The Supreme Court is set to consider Friedrichs v. California, a case that threatens to lower wages and compensation for public-sector employees by undermining the ability of workers in the public sector to band together and negotiate benefits and protections through a union.
In On Friedrichs v. California Teachers Association: The inextricable links between exclusive representation, agency fees, and the duty of fair representation, Jeffrey Keefe, professor emeritus at the School of Labor and Management at Rutgers University, finds that public employees in so-called right-to-work states earn in excess of $1,000 less than their public sector counterparts in fair share states. By banning provisions that allow unions to collect fees from nonmembers that unions are still required to represent, right-to-work states allow “free-riders” to enjoy the benefits of collective bargaining without paying their fair share of fees to support the union’s ability to negotiate on their behalf.

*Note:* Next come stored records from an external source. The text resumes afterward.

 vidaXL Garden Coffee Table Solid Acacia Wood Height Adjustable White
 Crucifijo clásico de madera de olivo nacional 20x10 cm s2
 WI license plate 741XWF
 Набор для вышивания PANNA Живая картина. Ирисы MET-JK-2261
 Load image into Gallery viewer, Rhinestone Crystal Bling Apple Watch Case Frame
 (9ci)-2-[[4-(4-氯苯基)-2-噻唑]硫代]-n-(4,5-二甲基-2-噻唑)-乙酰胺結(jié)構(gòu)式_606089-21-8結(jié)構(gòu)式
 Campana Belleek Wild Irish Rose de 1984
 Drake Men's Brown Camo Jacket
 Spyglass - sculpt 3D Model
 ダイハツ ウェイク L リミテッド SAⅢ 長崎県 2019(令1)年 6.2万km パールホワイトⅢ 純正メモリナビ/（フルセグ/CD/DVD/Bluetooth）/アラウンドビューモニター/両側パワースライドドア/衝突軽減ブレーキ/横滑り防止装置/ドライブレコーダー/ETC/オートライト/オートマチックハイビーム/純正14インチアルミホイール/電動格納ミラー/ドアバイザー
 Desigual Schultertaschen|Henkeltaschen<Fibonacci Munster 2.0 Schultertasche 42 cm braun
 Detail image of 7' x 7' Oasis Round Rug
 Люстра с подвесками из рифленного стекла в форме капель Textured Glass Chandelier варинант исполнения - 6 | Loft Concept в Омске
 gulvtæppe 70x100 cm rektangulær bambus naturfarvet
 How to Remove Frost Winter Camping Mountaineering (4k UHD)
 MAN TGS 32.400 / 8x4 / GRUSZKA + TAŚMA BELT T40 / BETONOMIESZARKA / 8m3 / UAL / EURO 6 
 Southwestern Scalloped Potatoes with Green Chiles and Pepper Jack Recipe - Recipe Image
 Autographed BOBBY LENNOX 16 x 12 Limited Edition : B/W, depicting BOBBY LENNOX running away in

“In states where unions cannot collect fair-share fees, the employees they represent earn lower wages and compensation, regardless of whether they are union members or not,” said Keefe. “Public-sector unions exist primarily for collective bargaining, and their capacity to bargain effectively on behalf of public-sector employees is closely linked to their ability to collect fair-share fees and maintain high levels of union membership. Free-riding undermines their ability to fulfill these duties.”
Some researchers claim that there is no link between the collection of fair-share fees and the ability of unions to fulfill their duty of fair representation for all bargaining unit members, regardless of whether they are union members. However, public-union density in right-to-work states is one-third of that in fair-share states and public-employee wages and compensation are substantially lower in right-to-work states and below those of private-sector workers. While in fair-share states the total public compensation penalty (how much less public employees make than their private-sector counterparts) is only 1 percent, this penalty grows to 10 percent in right-to-work states.
The incidence of free-riders is higher in right-to-work states, undermining the ability of unions to finance collective bargaining on behalf of public-sector employees. For example, union membership declined by 7 percent and free-riding more than doubled after Michigan enacted a public-sector right-to-work law and prohibited school districts from collecting union dues by payroll deduction in 2012.